DATA SHOWN >>
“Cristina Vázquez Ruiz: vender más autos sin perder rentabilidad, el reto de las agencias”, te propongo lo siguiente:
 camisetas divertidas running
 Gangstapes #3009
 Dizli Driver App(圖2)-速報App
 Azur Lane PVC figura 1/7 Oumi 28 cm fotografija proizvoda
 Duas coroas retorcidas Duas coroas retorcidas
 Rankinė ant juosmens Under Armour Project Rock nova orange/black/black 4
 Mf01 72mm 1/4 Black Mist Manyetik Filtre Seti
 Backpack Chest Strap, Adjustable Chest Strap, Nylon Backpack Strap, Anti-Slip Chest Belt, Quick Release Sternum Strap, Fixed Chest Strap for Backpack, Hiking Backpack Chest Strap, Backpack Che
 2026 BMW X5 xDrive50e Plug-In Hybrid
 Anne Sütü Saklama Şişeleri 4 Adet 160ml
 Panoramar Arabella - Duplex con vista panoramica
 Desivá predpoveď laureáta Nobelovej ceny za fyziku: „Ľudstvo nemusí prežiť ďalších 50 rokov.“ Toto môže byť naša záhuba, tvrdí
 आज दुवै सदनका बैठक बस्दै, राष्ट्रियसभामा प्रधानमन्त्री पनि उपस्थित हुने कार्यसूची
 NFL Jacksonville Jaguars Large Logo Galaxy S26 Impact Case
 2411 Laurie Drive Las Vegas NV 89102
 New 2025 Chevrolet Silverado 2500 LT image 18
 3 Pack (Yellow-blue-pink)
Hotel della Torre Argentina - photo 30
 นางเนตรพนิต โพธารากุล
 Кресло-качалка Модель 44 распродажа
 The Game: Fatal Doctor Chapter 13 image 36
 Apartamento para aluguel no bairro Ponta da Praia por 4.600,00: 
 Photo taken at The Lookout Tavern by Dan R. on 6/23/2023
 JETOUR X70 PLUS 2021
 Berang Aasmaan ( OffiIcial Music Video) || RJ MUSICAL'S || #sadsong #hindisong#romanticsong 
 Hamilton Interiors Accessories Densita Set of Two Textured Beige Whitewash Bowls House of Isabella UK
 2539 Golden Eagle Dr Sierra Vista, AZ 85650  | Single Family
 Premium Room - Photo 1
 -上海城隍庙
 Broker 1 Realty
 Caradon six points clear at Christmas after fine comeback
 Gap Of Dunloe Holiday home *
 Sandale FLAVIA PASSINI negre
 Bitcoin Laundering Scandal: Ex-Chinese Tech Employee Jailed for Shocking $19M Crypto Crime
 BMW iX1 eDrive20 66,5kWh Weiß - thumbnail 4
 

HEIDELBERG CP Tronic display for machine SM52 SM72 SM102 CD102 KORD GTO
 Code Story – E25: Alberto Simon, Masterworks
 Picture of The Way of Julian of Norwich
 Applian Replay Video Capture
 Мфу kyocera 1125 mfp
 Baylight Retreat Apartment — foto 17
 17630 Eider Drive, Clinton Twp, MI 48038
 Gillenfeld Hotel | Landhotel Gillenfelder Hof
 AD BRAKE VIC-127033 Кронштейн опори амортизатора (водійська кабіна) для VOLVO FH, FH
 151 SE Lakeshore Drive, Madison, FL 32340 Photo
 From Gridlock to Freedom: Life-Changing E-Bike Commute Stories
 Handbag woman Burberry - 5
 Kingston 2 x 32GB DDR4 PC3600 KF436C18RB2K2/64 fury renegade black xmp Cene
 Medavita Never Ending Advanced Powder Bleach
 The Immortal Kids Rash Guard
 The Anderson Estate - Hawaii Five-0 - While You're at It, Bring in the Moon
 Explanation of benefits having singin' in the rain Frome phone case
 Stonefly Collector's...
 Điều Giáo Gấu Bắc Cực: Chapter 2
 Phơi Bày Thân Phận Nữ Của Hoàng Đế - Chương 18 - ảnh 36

WHAT YOU ARE ASKED TO DO >> Give back precisely the lines above that start at the line containing "Desivá predpoveď laureáta" and end at the line containing "Hotel della Torre Argentina - photo 30", inclusive. No other lines belong in the output.

WRITTEN ANSWER >>
 Desivá predpoveď laureáta Nobelovej ceny za fyziku: „Ľudstvo nemusí prežiť ďalších 50 rokov.“ Toto môže byť naša záhuba, tvrdí
 आज दुवै सदनका बैठक बस्दै, राष्ट्रियसभामा प्रधानमन्त्री पनि उपस्थित हुने कार्यसूची
 NFL Jacksonville Jaguars Large Logo Galaxy S26 Impact Case
 2411 Laurie Drive Las Vegas NV 89102
 New 2025 Chevrolet Silverado 2500 LT image 18
 3 Pack (Yellow-blue-pink)
Hotel della Torre Argentina - photo 30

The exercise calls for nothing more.